Sunday 1 April 2018

Close, but no cigar

It's 1957, and the Cubans are fed up with Batista, with revolution brewing and Castrolian cigar smoke in the air. While the US government prop up the flagging regime, three factions seek to take control of the country, in markedly different ways.

 Getting ready to rumble

Castro's 26July group wants to turn popular opinion against the government and establish itself as a political force from extremely humble beginnings.

The more established, and less radical, opposition party Directorio has a similar objective.

The syndicate want financial control, seeking the population's money rather than votes, and building casinos to tempt them into their pockets.

Meanwhile, of course, the existing government wants desperately to cling on to power.

All of which is to say Cuba Libre is an asymmetrical fight for dominance - each player (ideally you play four, though there are bots for non-playing factions) takes control of a single faction, which each has it's own set of insurgent operations (for the challengers) and COIN (counter-insurgency) set for the government.

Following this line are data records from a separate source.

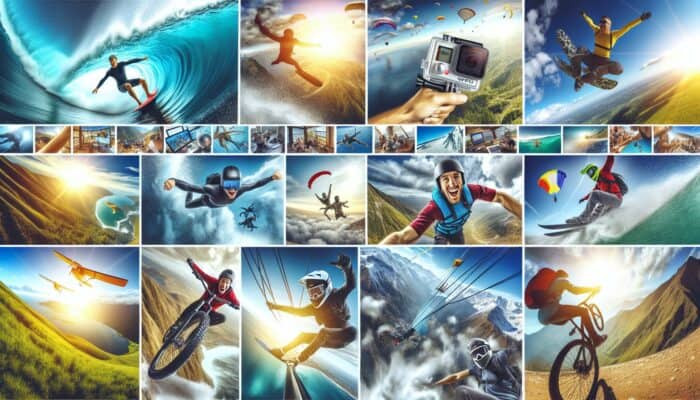 A vibrant collage of GoPro videos showcasing surfing, skydiving, and mountain biking, highlighting user engagement.
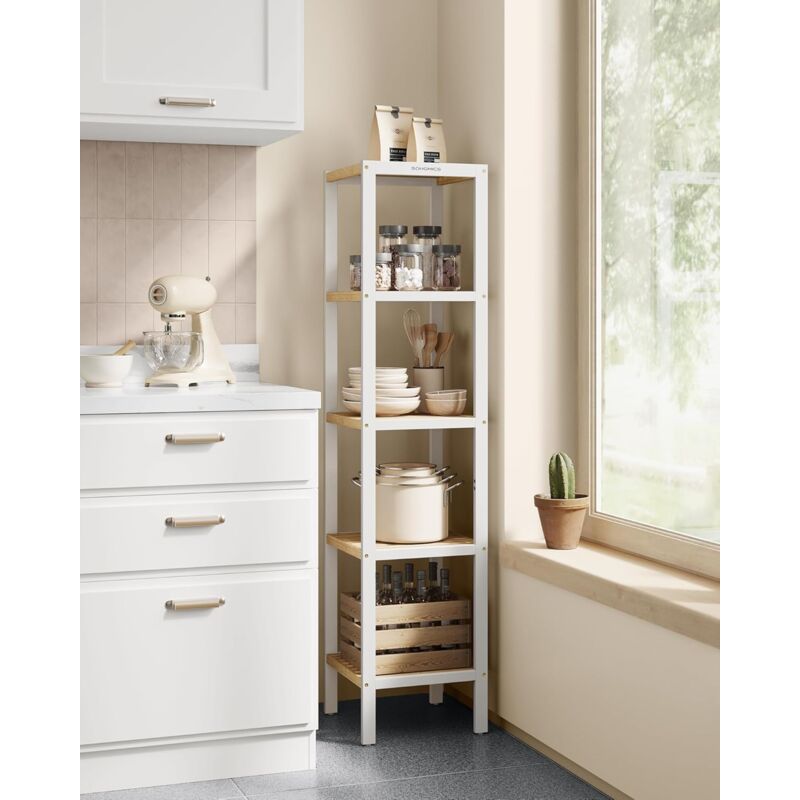foto del prodotto songmics scaffale da bagno in bamb a 5 ripiani, scaffale stretto multifunzione, scaffale ad angolo, per cucina, soggiorno, camera da letto,
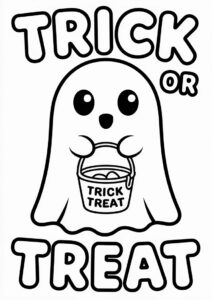 Adorable Ghost Holding Trick Or Treat Coloring Page Bucket For Preschoolers 2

Batista starts in a strong position, with lots of troops, police, available resources (a catch-all term, and the game's currency when paying for actions) and a strong alliance with the US. Broadly speaking, the syndicate is a non-hostile to the government, as the two factions work in tandem to a degree: casinos are protected by the state, and the government can skim money off the top of takings.

Because they both start relatively weakly, at the start of the game at least the 26July and Directorio are kind-of-allies too; it makes more sense to go after the government at this point.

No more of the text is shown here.